*** Source records
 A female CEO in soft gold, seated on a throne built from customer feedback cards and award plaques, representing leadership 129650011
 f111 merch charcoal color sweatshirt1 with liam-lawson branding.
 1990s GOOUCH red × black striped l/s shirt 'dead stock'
******
*** Source records
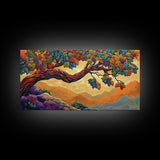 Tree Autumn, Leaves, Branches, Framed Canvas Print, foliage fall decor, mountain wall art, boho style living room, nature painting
******
• Problem statement: In the listing above, locate the line containing "A female CEO" and the line containing "1990s GOOUCH red", then transcribe both and every line between them verbatim.

• Answer for the task:
 A female CEO in soft gold, seated on a throne built from customer feedback cards and award plaques, representing leadership 129650011
 f111 merch charcoal color sweatshirt1 with liam-lawson branding.
 1990s GOOUCH red × black striped l/s shirt 'dead stock'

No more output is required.